My bracket is based on 3 axioms:

Any team is skilled enough to defeat any other. (Upsets are possible)
You want the team with the most physical players. (Basketball is a physical game)
A player's weight is mostly muscle. (I've never seen a fat basketball player)

Scoring:

Each player was given a physical score based on their weight divided by their height.

All the players scores were averaged to get a team score.

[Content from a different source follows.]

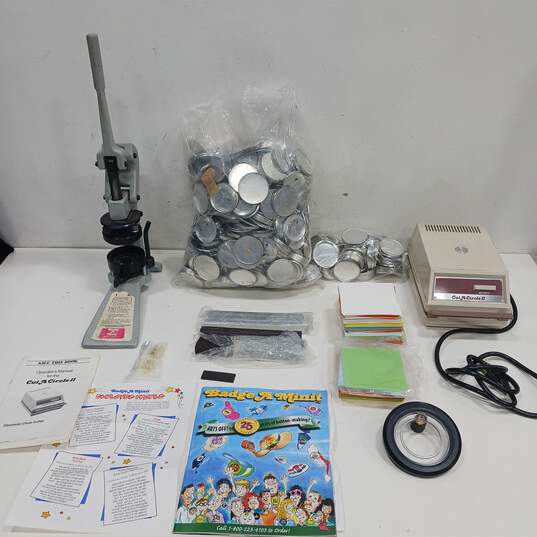 Badge-A-Mint & Circle Cutter II With Accessories image number 1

Team with the best score wins the matchup. ‘Best’ meaning the highest average weight to height ratio.

Building the Bracket:

We’re mostly a python shop so using requests and BeautifulSoup I built a simple crawler to scrape height and weight for all players and all teams in the NCAA. BeautifulSoup is *the* python tool to extract content, data, and pretty much anything on a webpage.

def table_parser(table):
    headers = [header.string for header in table.findAll('th')]
    results = []
    for row in table.findAll('tr'):
        row_dict = {headers[i]: cell.string for i, cell in enumerate(row.findAll('td'))}
        urls = row.find_all('a', limit=1)
        for url in urls:
            row_dict['url'] = url['href']
        results.append(row_dict)

    return results


def fetch_player_data(team_list):
    for team_dict in team_list:
        if 'url' in team_dict:
            page_url = DOMAIN + team_dict['url'] + 'players'
            player_page = get_url(page_url)
            soup = BeautifulSoup(player_page)
            table = soup.find('table', {'class': 'tablesaw'})
            player_data = table_parser(table)
            team_dict['players'] = player_data

    return team_list

Then I used numpy to give each player a score and average all the players to determine team scores. Numpy is a very powerful scientific computing library. It's totally overkill for this project, but why not? There’s an office trophy at stake!

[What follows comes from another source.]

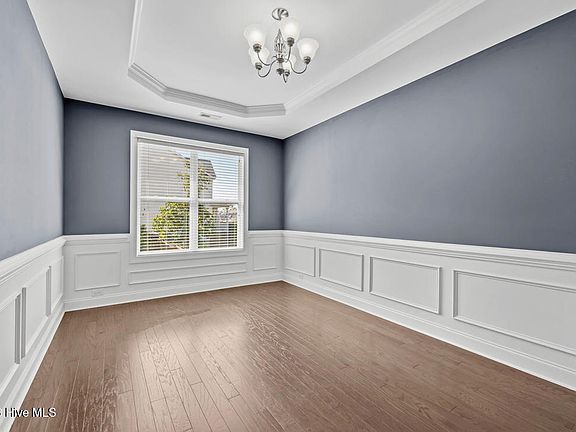 3rd image of 14 Darley Court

Now I had a score for each team based on the full team name, but I then ran into a problem.

Data Filling:

The ESPN site has only abbreviations for teams and the team logos. I didn’t know enough to go from the abbreviations to the full team names. (Did I mention I don’t follow basketball?)

Luckily for me, ESPN put the logo next to each team. I scraped the bracket page for each logo/abbreviation combo, used google reverse image search and the ‘best guess’ to find the full team names.

This let me build the bracket based on the scores.